A livello nazionale – ricorda – l’agricoltura contribuisce al PM 10 (una frazione più grossa delle polveri sottili) per il 13%. I dati Ispra, però, non affrontano il problema delle PM 10 secondarie: facendo riferimento ad un’indagine realizzata dalla regione Emilia Romagna, il contributo all’emissione sia diretta sia per formazione di PM 10 da parte dell’agricoltura è il 19%. Si tratta di un problema che deve ed è continuamente affrontato per studiarne un miglioramento”.

L’allevamento a livello globale – spiega – contribuisce per il 14,5% alle emissioni di gas serra e in Italia il contributo di questo settore è più basso. L’agricoltura in Italia contribuisce solo con il 7% alle emissioni di gas serra: questo è dovuto al fatto che l’economia nel nostro paese è basata principalmente sull’industria e sui servizi, ma anche al fatto che l’agricoltura e l’allevamento sono settori efficienti che emettono gas serra in misura più limitata rispetto ad altri settori e altri Paesi”.

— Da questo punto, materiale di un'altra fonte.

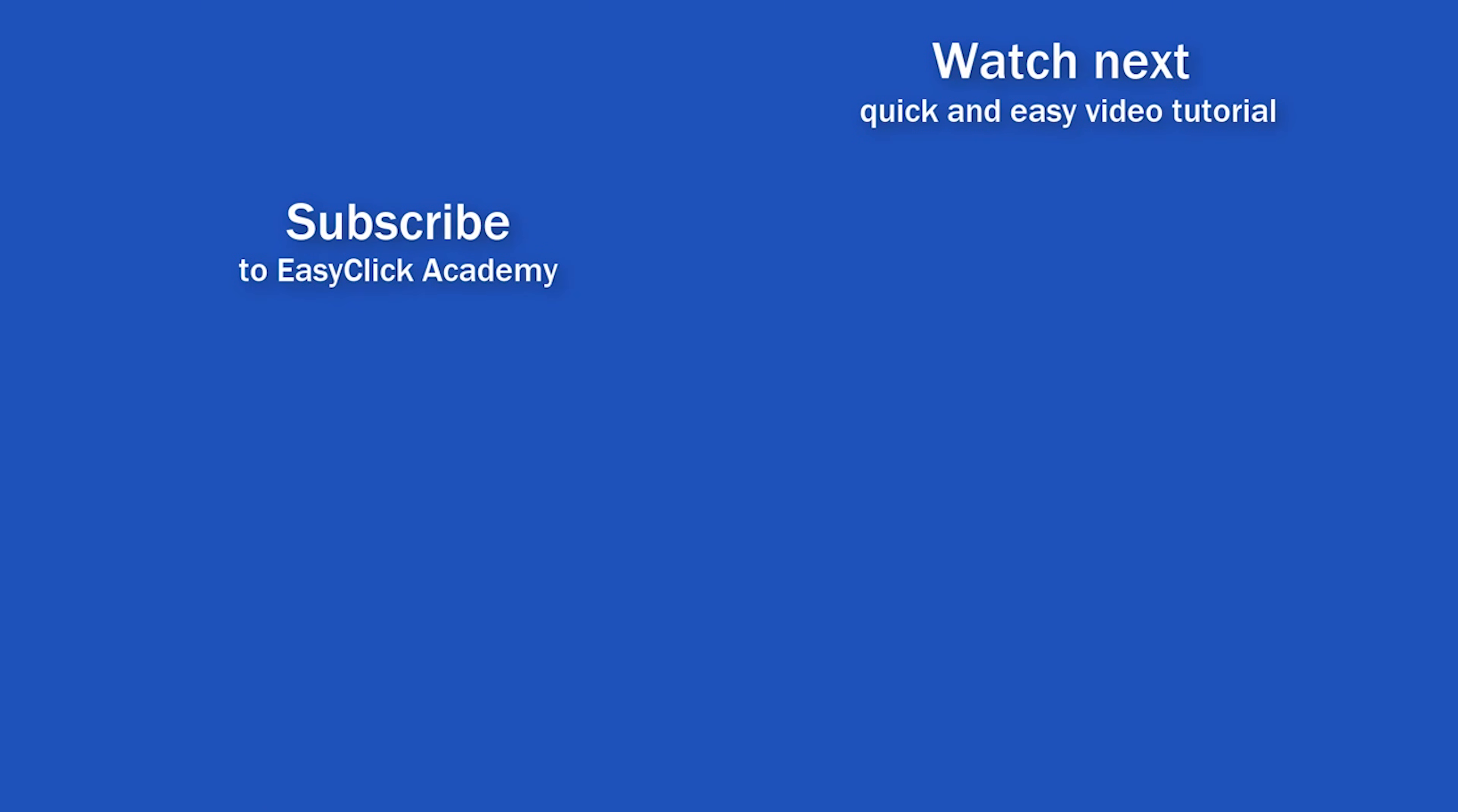If you found this tutorial helpful, give us a like and watch other video tutorials by EasyClick Academy. Learn how to use Excel in a quick and easy way.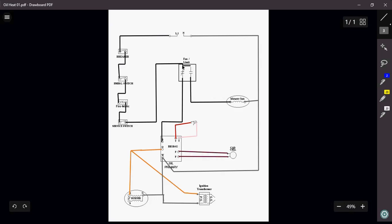If the furnace does happen to overheat at approximately about 200 degrees, this switch will open, which will now kill power to your primary control, which will in turn shut off all of your burner components, and the furnace will not operate until the furnace cools down again.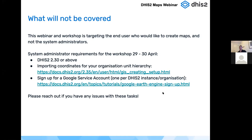What we will not cover is some tasks for using maps in DHIS2 that are not used by the end user. For this one we are targeting more the end user who would like to create maps, rather than system administrators. There are tasks like upgrading DHIS2 with lots of considerations, so we recommend especially for the workshop that you are on version 2.30 or above — the higher the better. If you don't have this version you can also try our demo instances.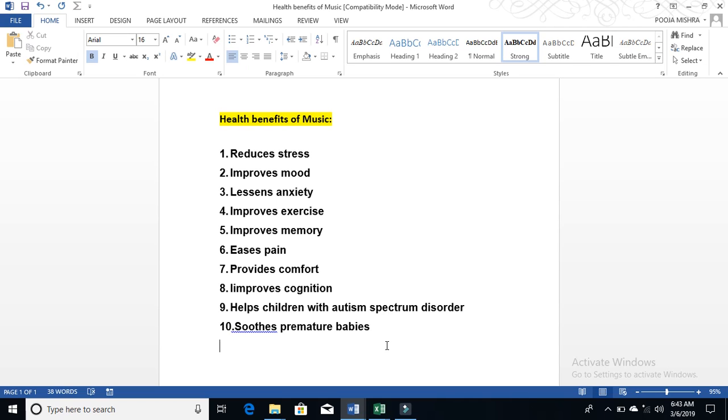Hello everyone, this is me Pooja and you are with Mother World of Welfare, your all-in-one solution. Today we are going to talk about health benefits of music on your health.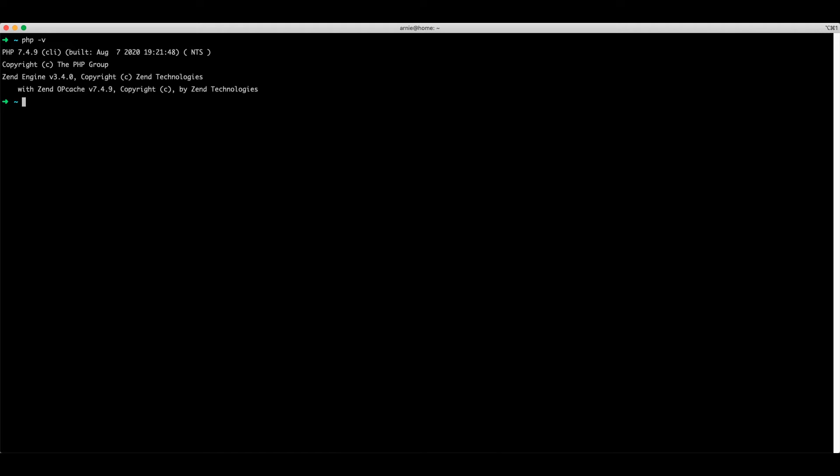Next we're going to install MySQL. We can do so by running brew install mysql. The version we need is MySQL 8.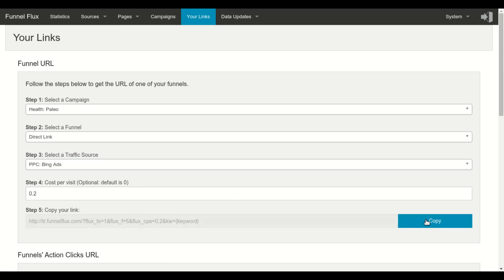So once you grab this link, you are able to send traffic to the funnel you have selected.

“Negli ultimi anni le emissioni di gas serra da settore agricolo sono diminuite, soprattutto grazie alla riduzione del numero dei capi allevati. Le emissioni di metano enterico sono infatti diminuite in modo concreto in questi anni, rispetto a quanto appare sulla rete i numeri sono decisamente più bassi”, sottolinea.

“Anche l’agricoltura e il settore zootecnico – prosegue – possono dare un loro contributo nel migliorare la sostenibilità ambientale, poiché l‘agricoltura fornisce anche la possibilità di sequestrare carbonio, come è sottolineato nel New Green Deal dell’Unione europea. Ci sono diverse azioni che si possono mettere in atto, ad esempio aumentare il sequestro di carbonio aumentando la quota di prati e pascoli, inserendo delle siepi nel paesaggio e attraverso il rimboschimento”.

“Per quanto riguarda la qualità dell’aria, la zootecnia ha un peso più rilevante, perché sia l’agricoltura sia la zootecnia emettono ammoniaca che ha effetto sull’ambiente e sulla qualità dell’aria. Le fonti principali sono la gestione dei reflui e lo spandimento al suolo dei fertilizzanti. Oggi ci sono delle normative importanti a riguardo. Anche in questo caso è importante ribadire che, a differenza di quanto si può trovare in rete, le emissioni di ammoniaca sono sensibilmente diminuite, dal 1990 ad oggi c’è stata una riduzione di oltre il 23%. Ma è possibile fare di più per raggiungere standard ancora migliori”, conclude.